TASK ITEM:
Your copy should repeat each record exactly and contain none of the pictures.

Entries taken from a collection:

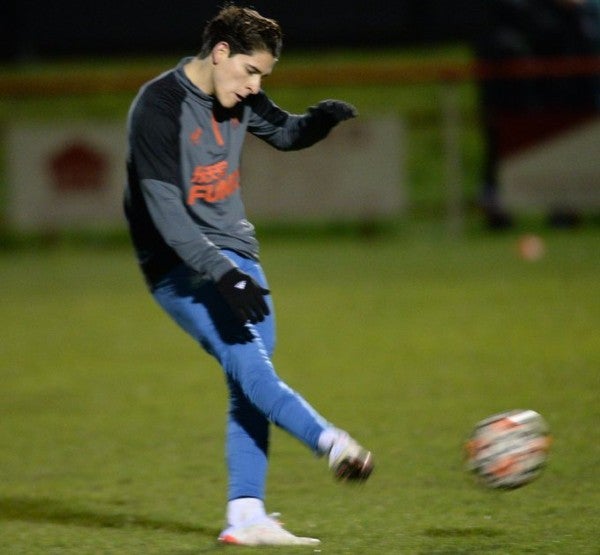 Santiago Muñoz en calentamiento con Newcastle United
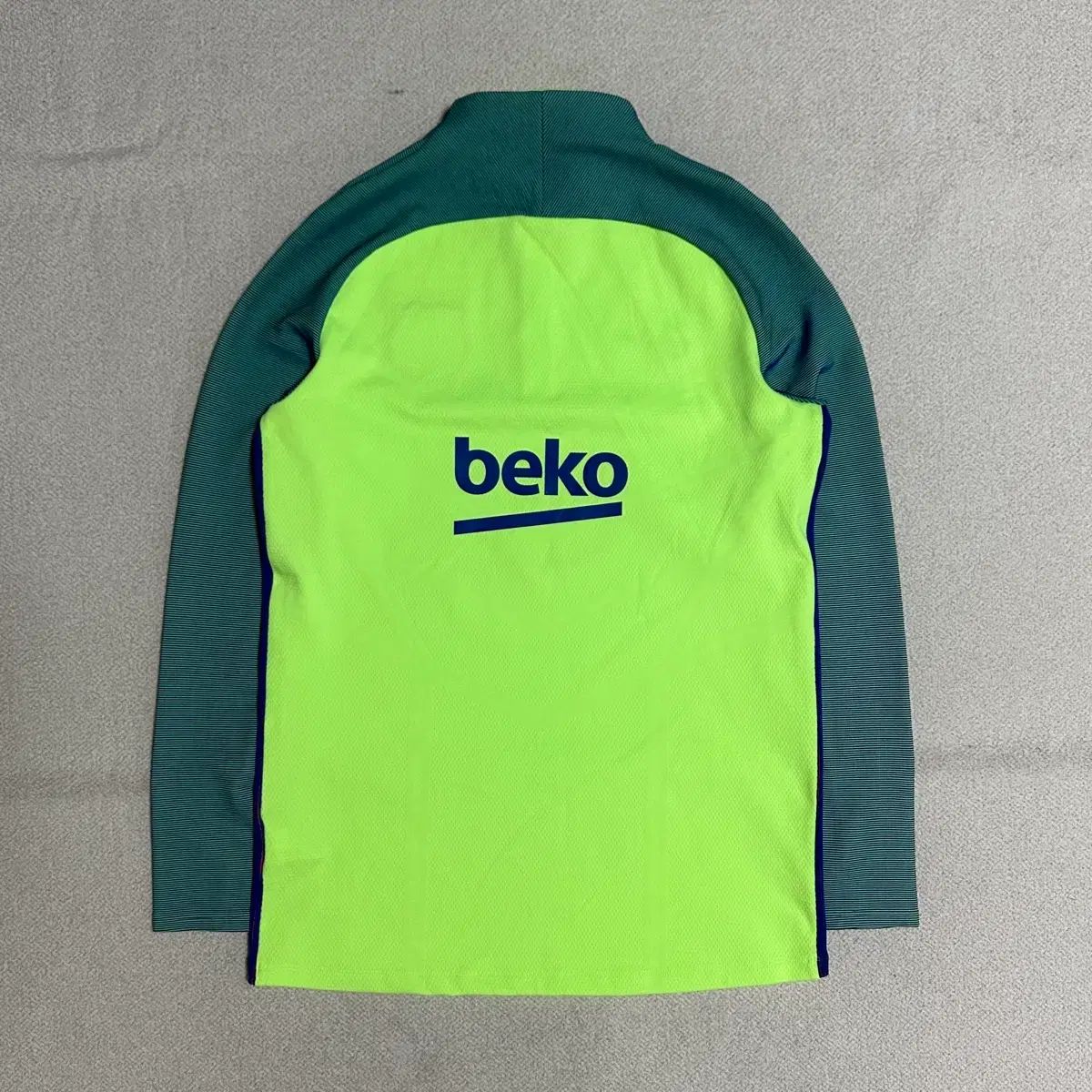 17-18 バルセロナ エアロスイフト ストライク L／S ドリルトップ 17-18 バルセロナ エアロスイフト ストライク L／S ドリルトップ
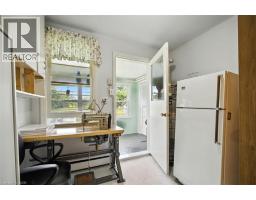2718 UPPER JAMES Street - 12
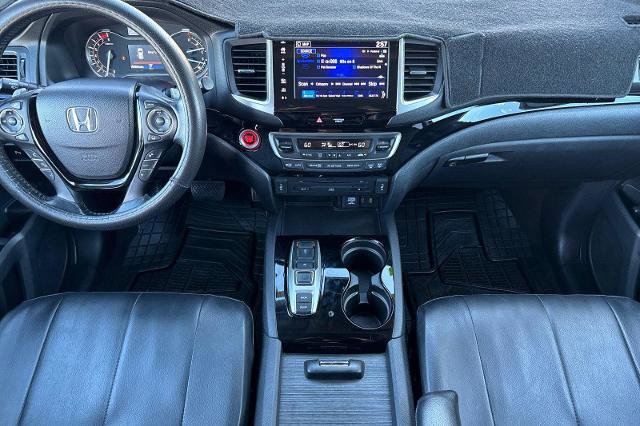 Used 2018 Honda Pilot Touring image 10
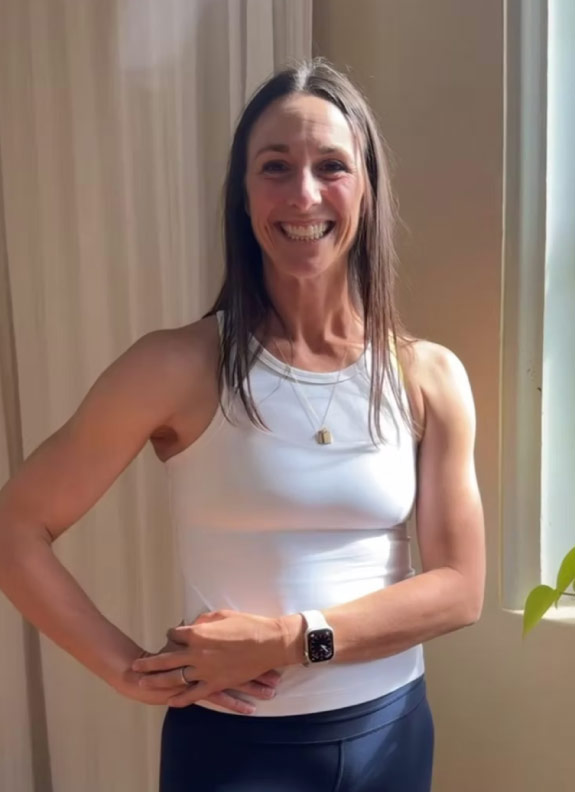 Yogafix_Yoga-pilates-Instructor-mackay-Kinsey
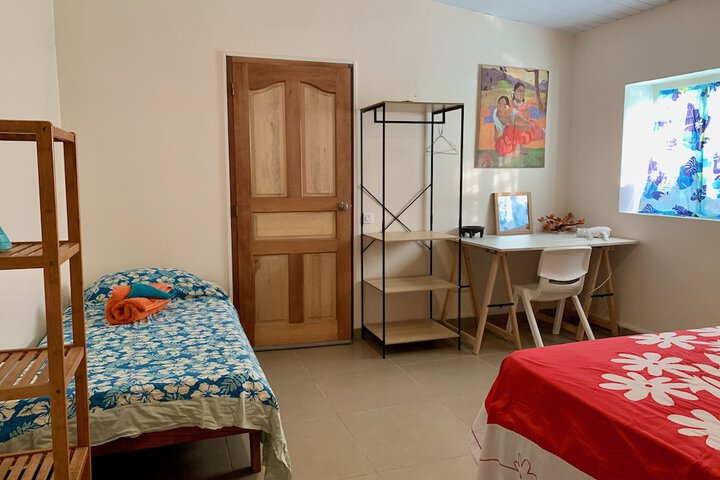 Room 8 of 32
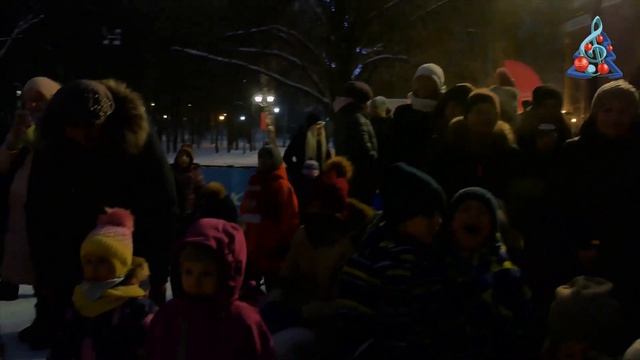 Парки зажигают огни! 12 декабря ПКиО "Ивановские пруды" смотреть онлайн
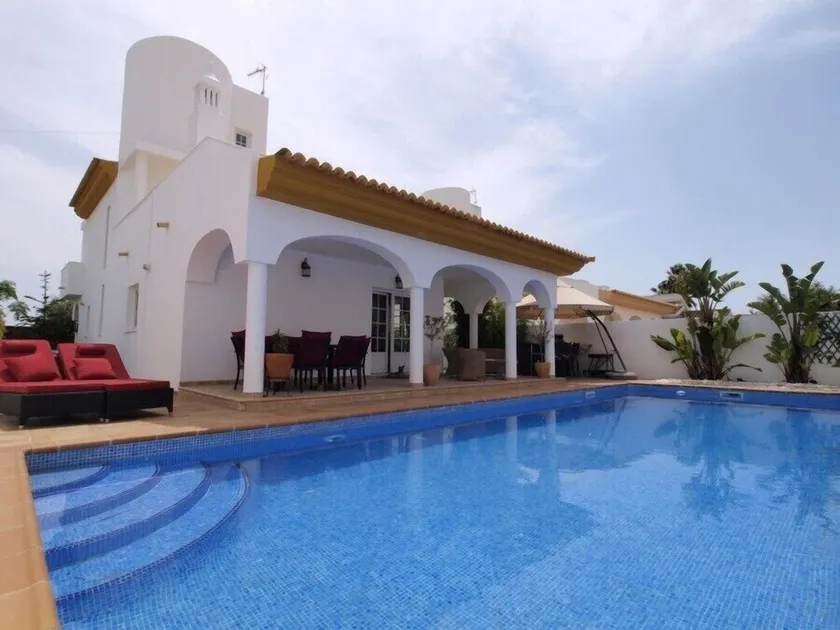 Villa de luxe avec piscine, Internet + 3 salles de bains - Image 1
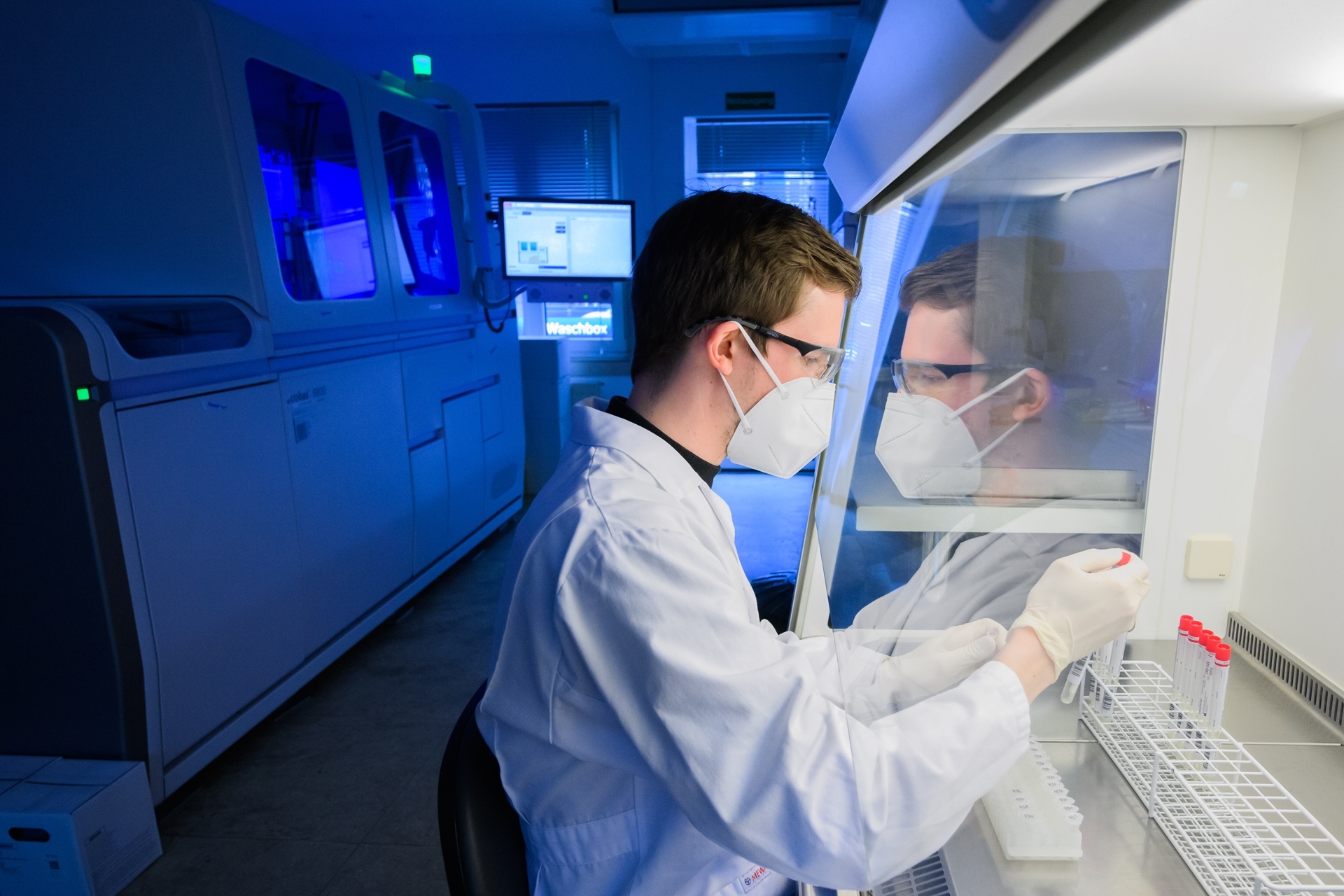 Labormitarbeiter Christoph Majowski bereitet im Labor Nordlab PCR-Tests von Patienten auf die PCR-Analyse vor. Jetzt gibt es eine Variante: „Deltakron“.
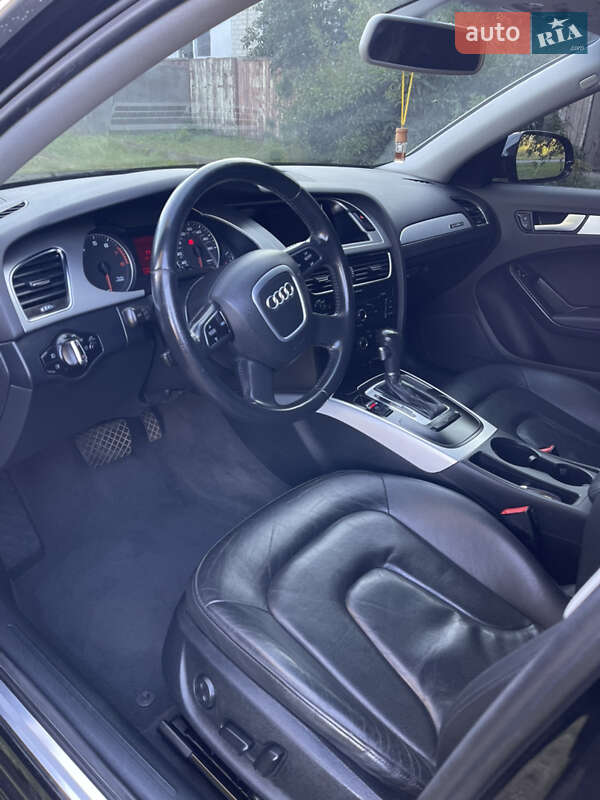Седан Audi A4 2011 в Конотопе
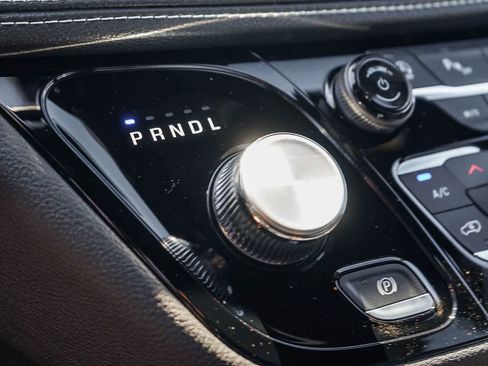 New 2026 Chrysler Pacifica Select image 21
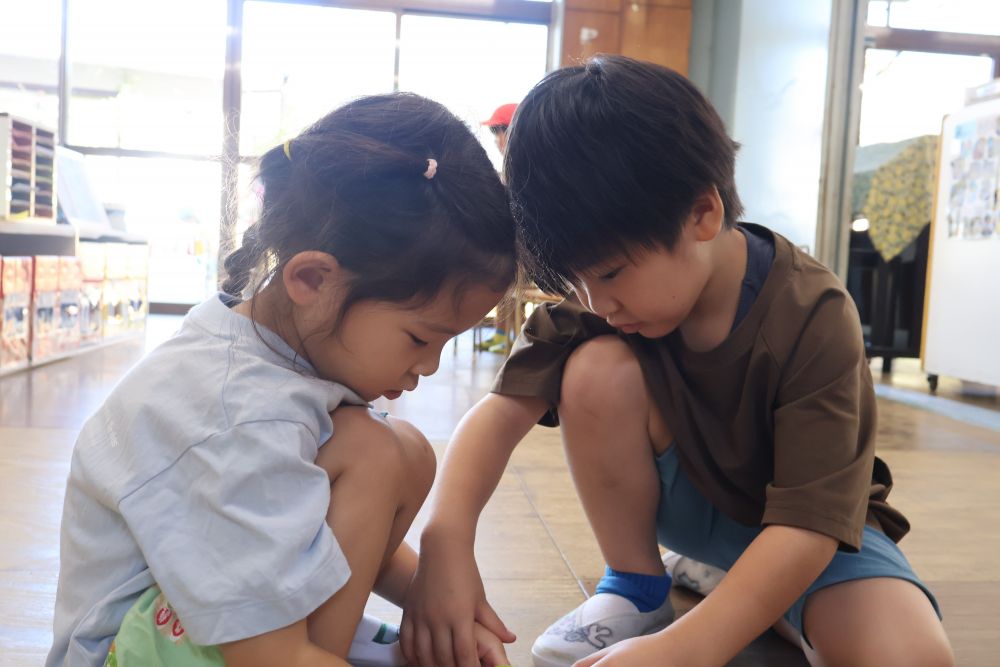 回せるようになったMくん！
・・・すると、

Mくん「ねぇ！一緒にコマしようよ！」
Kくん「Kくん、できるかな・・・」
Mくん「教えてあげる！あのね～・・・」

自分が出来た嬉しさから、友達の挑戦を後押し！！
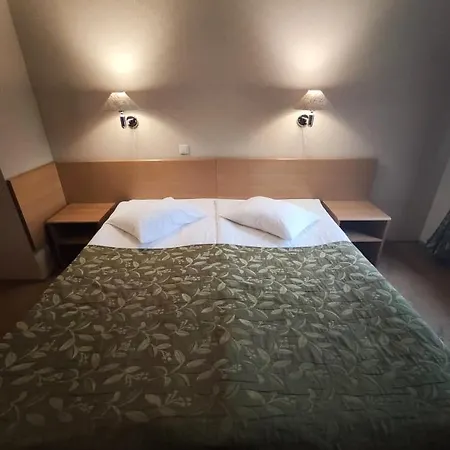 Barclay Hotel 3*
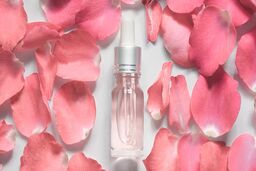 آبرسان های گرانتان را کنار بگذارید و بجاش گلاب استفاده کنید | یک روتین پوستی ارزان برای خانم‌ها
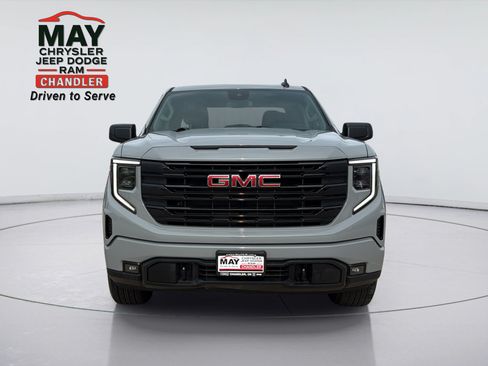 Used 2024 GMC Sierra 1500 Elevation AWD/4WD image 2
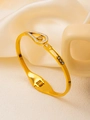 Vista dettagliata di un bracciale a goccia placcato oro con pavé di pietre di zirconia cubica - Oro 18K / Oro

RESPONSE AREA:
 Santiago Muñoz en calentamiento con Newcastle United
 17-18 バルセロナ エアロスイフト ストライク L／S ドリルトップ 17-18 バルセロナ エアロスイフト ストライク L／S ドリルトップ
2718 UPPER JAMES Street - 12
 Used 2018 Honda Pilot Touring image 10
 Yogafix_Yoga-pilates-Instructor-mackay-Kinsey
 Room 8 of 32
 Парки зажигают огни! 12 декабря ПКиО "Ивановские пруды" смотреть онлайн
 Villa de luxe avec piscine, Internet + 3 salles de bains - Image 1
 Labormitarbeiter Christoph Majowski bereitet im Labor Nordlab PCR-Tests von Patienten auf die PCR-Analyse vor. Jetzt gibt es eine Variante: „Deltakron“.
Седан Audi A4 2011 в Конотопе
 New 2026 Chrysler Pacifica Select image 21
 回せるようになったMくん！
・・・すると、

Mくん「ねぇ！一緒にコマしようよ！」
Kくん「Kくん、できるかな・・・」
Mくん「教えてあげる！あのね～・・・」

自分が出来た嬉しさから、友達の挑戦を後押し！！
 Barclay Hotel 3*
 آبرسان های گرانتان را کنار بگذارید و بجاش گلاب استفاده کنید | یک روتین پوستی ارزان برای خانم‌ها
 Used 2024 GMC Sierra 1500 Elevation AWD/4WD image 2
 Vista dettagliata di un bracciale a goccia placcato oro con pavé di pietre di zirconia cubica - Oro 18K / Oro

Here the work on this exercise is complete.